The word mir at the end of Vladimir is somewhat doubtful. It may mean peace, or it may mean the world; and in like manner the Slovak Miroslav stands in doubt between world-fame or peaceful-fame.
Purvan, Purvançe, is the Bulgarian first, whether used in the sense of chief or of first-born does not appear; but, at any rate, bearing a most eastern sound with it.
We are familiar with the Russian ukase, from ukasat, to show forth; and kaze in Polish has the same sense of command. Kazimir is thus Command of peace, a noble title for a prince, and essentially national in Poland, where it was endeared by the fame of three of the best of the earlier sovereigns. It has the feminine Kasimira, and is one of the very few Slavonic names used by Teutons. Intermarriages introduced it among the German princes; and Johann Kasimir, a son of the Pfalzgraf of the Rhine, was a noted commander in the war of the Revolt of the Netherlands, and received the Garter from Queen Elizabeth. He was commonly called Prince Kasimir, and his namesakes spread in Germany; and either for the sake of the sound, or Polish sympathies, Casimir was somewhat fashionable in France.
| French. | Polish. | Bohemian. | Lettish. |
| Casimir | Kazimir | Kazimir | Kasimirs |
| German. | Kazimierz | Kasche | |
| Kasimir | Kaschis | ||
| Kaschuk |
Kol, council, formed Koloman, somewhat noted in early Slavonic history.
Jar, pronounced as beginning with y, means strength or firmness. Jaromir, Firm peace, was prince of Bohemia in 999. Jaropolk, firm government, was the last heathen grand prince of Muscovy; and this name, with Jaroslav, is very frequent in the early annals of the House of Rurik.
From lid, the people, (our old friends hleute and λαος,) came Ljudomir and Ludmilla, who was the first Christian duchess in Bohemia, and was strangled by her heathen daughter-in-law, Dragotina, the mother of Boleslav and Venceslav, leaving a sainted name much used among all Slavonian women, and called at home Lida and Lidiska; in Russia, Ljudmila. Lidvina was likewise Bohemian, from Vina, an old goddess.
Words signifying goodness are far from uncommon in this class of nomenclature. Dobry, good, has a worthy family. Dobrija, sometimes called Dobrowka, was the Bohemian princess whose marriage, like those of Clotilda, Bertha, and Anna, brought religion into her new country. Her husband, Miczslav, of Poland, had been born blind, but recovered his sight at seven years old. He had seven wives while still a heathen, but was told that he would have no children unless he began afresh with a Christian lady. He demanded the Czech princess. She brought St. Adalbert, of Prague, with her; and Mistislaus, as he is generally called in history, is counted as the first Polish Christian king, in the year 970. So national was the name, that the Poles altered Maria of Muscovy to Dobrija, on her marriage with Kasimir, their king. The other names of this commencement are Illyrian—Dobrogast, Dobroljub, Dobroslav, and its feminine Dobrovoj, Dobrvok, Dobrutin, and Dobrotina, Good guest, Good love, Good glory, Good war, Good wolf, and Beneficent.
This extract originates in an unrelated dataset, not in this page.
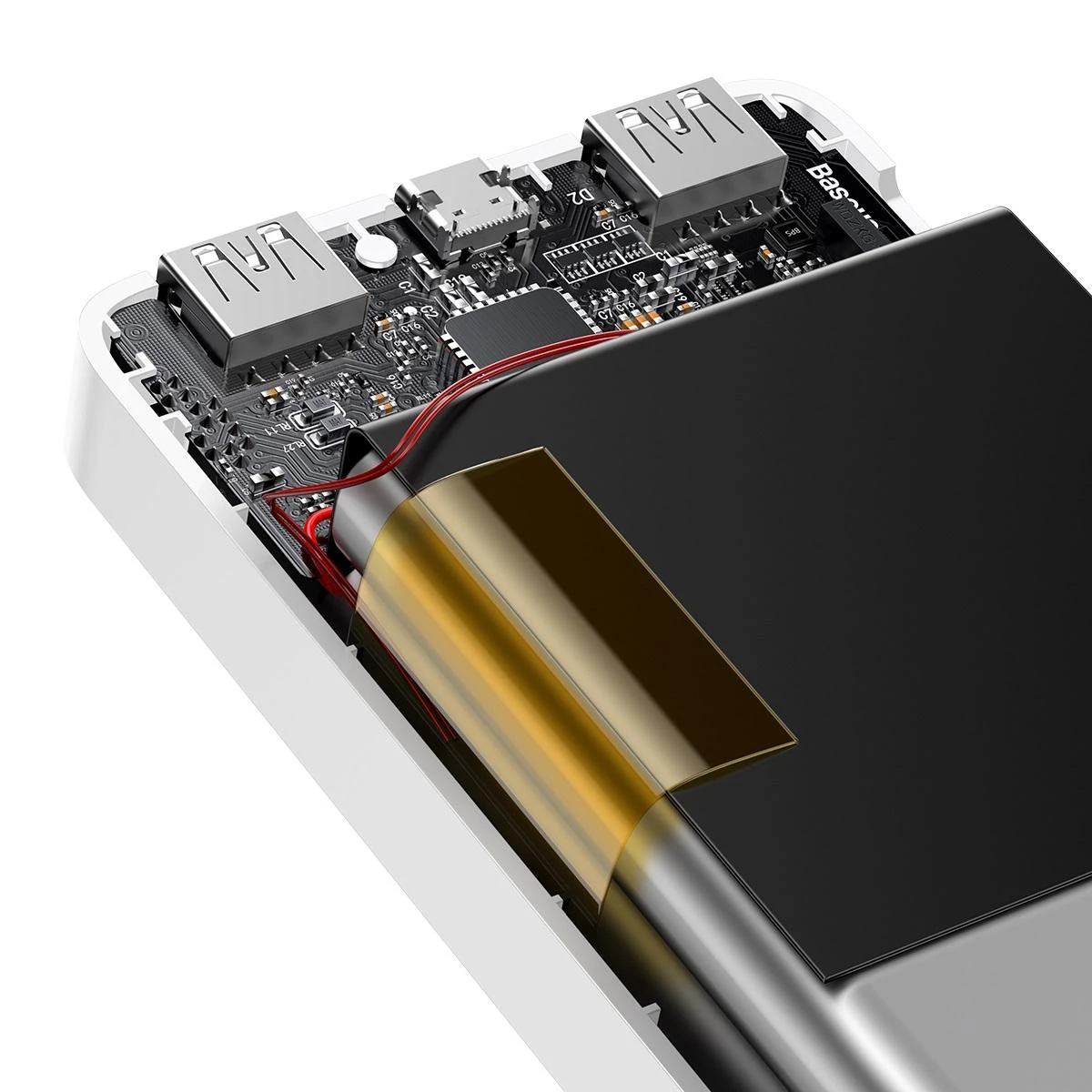 LiPo išorinis akumuliatorius (Powerbank) 10000mAh 15W 5V 3A 2xUSB + USB C Bipow baltas BASEUS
Ssvätyj, holy, and polk, government, are the component parts of the old Russian Sviatopolk, often found among the early race of Rurik. Holy glory, Sviatoslav, was the inappropriate name of the son of the Christian princess Olga, the same who refused baptism, believing that all the converts were cowards, and that he should lose the support of the war gods and of his followers.
The Illyrian blag, good, makes Blagorod, Good birth, also, as usual, Blagovoj, Blagoslav, Blagodvor, Blagogost, and the contraction Blagoje.
Prav is upright, a connection, it may be, of probus, and it has formed the Slavonic Upravda, and the Illyrian Pravdoslav, Pravdoslava, Pravoje. It is, perhaps, the same with the Wend prib, which formed the name Pribislava. The Danes amalgamated the Wend pred into their own names as Predbiorn, or Preban.
Çast, or cest, is honour. The first letter, ç, should be pronounced z; it is rather a favourite with Poland and Bohemia. Çastibog exactly answers to the Greek Timotheus, as does Çastimir to the modern German Ehrenfried, very possibly a translation from it. Çastislav is the most popular form, like all else ending in slav, and has shortened into Çaslav, Çaislav, Cestislav, Ceslav.
Of the same sound is the first letter of çist, pure, whence Çistav and Çistislav. From tverd, firm, we have Tverdko, Tverdimir, Tverdislav.
The Slavonian nature has much in common with the Irish, and there is much of caressing and personal affection. Ljub, as has been seen, is a favourite element in names, and dragi, dear, does a considerable part. Dragomira, or DearDear peace, was the name of the heathen mother of Boleslav and Venceslav. Dragoslav, or dear glory, is Russian, and Poland and Bohemia have used Dragan, Draganka, Dragoj, Dragojila, Dragioila, Dragnja, Dragotin, Dragotinka, Dragilika, Dragija.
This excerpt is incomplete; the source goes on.